Dopo il tentato omicidio dell’uomo che ha ucciso la moglie di Pascal nella stagione 13 di Chicago Fire, episodio 21, il capo della caserma 51 è sotto pressione nell’episodio 22, “It Had to End This Way”. Le prove contro Pascal iniziano ad accumularsi e sembra che sarà condannato per il crimine. Nel finale, Carver sconvolge Violet con una notizia che le cambierà la vita, Christopher Herrmann lotta per diventare capo e la relazione tra Kelly Severide e Stella Kidd cambia per sempre.
Come Severide dimostra che Pascal non è colpevole di tentato omicidio (e chi ha realmente cercato di vendicare Monica)
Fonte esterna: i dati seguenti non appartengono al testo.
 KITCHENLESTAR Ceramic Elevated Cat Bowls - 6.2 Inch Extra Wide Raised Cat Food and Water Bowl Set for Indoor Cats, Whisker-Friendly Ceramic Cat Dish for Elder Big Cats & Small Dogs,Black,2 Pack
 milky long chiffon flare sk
Nel corso del finale della tredicesima stagione di Chicago Fire, Severide fa del suo meglio per scagionare Pascal. I due non hanno avuto esattamente un inizio facile. Col tempo, però, Severide ha imparato ad apprezzare e rispettare il suo capo, e viceversa, ed è per questo che si batte con tutte le sue forze per Pascal in “It Had to End This Way”. All’inizio, Severide è convinto che qualcuno del passato di Pascal (un boss mafioso di nome Hendricks che Pascal ha cercato di coinvolgere a Miami) lo stia incastrando. Alla fine, scopriamo tutti che la risposta è molto più semplice.
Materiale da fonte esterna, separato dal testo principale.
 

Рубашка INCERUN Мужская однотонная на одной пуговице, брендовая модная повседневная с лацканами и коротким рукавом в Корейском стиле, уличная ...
Severide e Pascal scoprono che il tenente Vale è colui che ha cercato di uccidere l’assassino di Monica nella stagione 13 di Chicago Fire. Nel corso del tempo, Vale è diventato ossessionato da Monica (anche se lei lo ha respinto). Era quasi distrutto quanto Pascal quando Monica è morta. Di conseguenza, Vale voleva vendetta. Ci riesce quasi, se non fosse stato per Pascal che ha scoperto i messaggi di Vale a Monica e per Severide che è un ottimo investigatore di incendi dolosi. Alla fine, Severide dimostra l’innocenza di Pascal. Questo rafforza il loro legame, che è stato uno degli sviluppi più interessanti della stagione 13.
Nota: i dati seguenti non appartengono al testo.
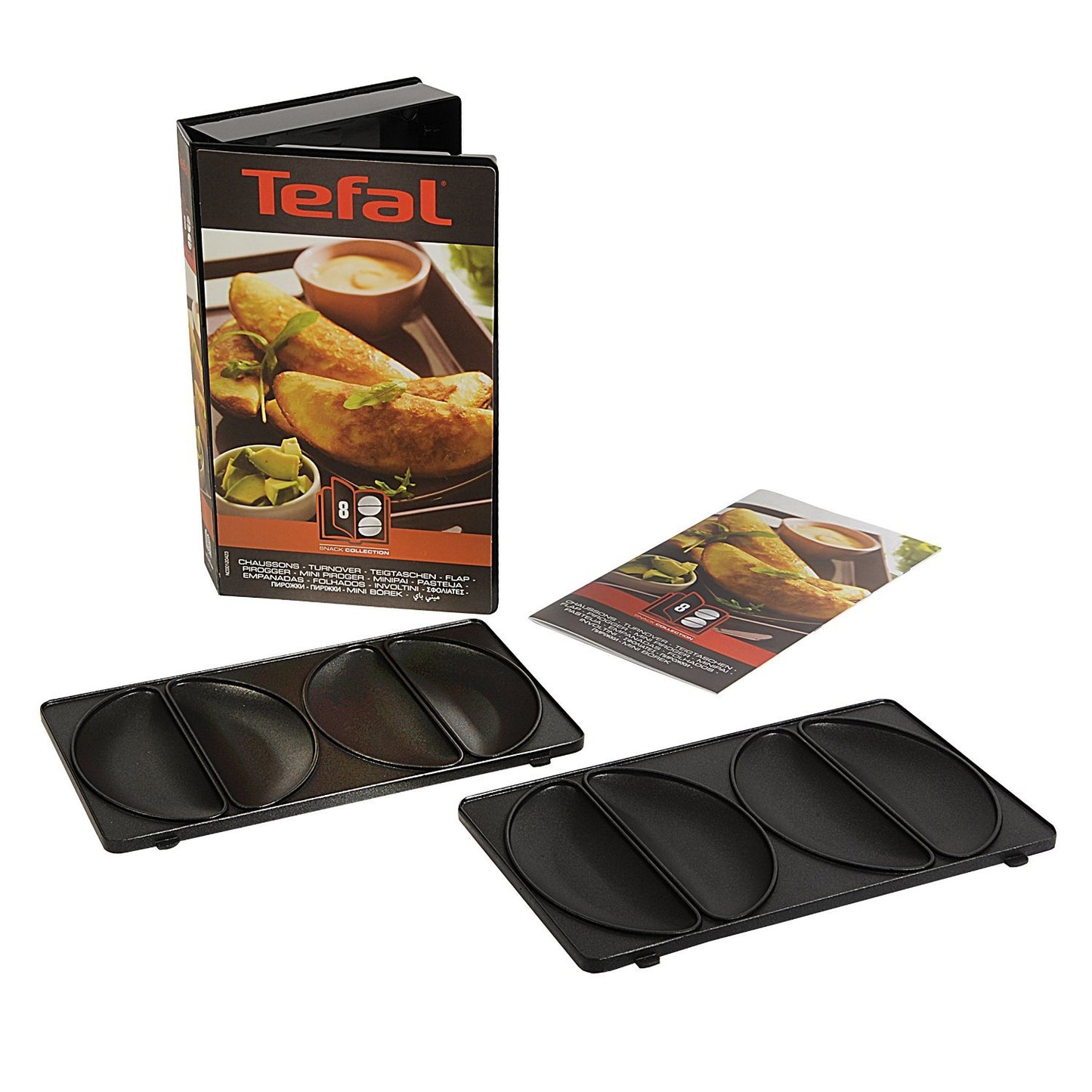 Tefal Snack Collection Plate for pastries/empanadas, compatible with SW85XX Snack Collection. Includes recipe book and convenient storage box. Black, XA8008.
Carver vuole lasciare Chicago (ma lo farà?)
Qualche settimana prima del finale, è stato annunciato che due personaggi fissi della serie avrebbero lasciato Chicago Fire dopo la stagione 13: Jake Lockett (che interpreta Carver) e Daniel Kyri (che interpreta Darren Ritter). Quindi, molti hanno pensato che il finale avrebbe dato un’adeguata conclusione ai personaggi di Carver e Ritter. Tuttavia, non è stato proprio così. Nella puntata 22 della stagione 13 di Chicago Fire, Violet finalmente consegna a Carver la lettera (in cui esprime i suoi sentimenti per lui) che gli aveva scritto settimane prima. Purtroppo, è un po’ troppo tardi, perché Carver ha già deciso di lasciare Chicago e trasferirsi al dipartimento dei vigili del fuoco di Denver.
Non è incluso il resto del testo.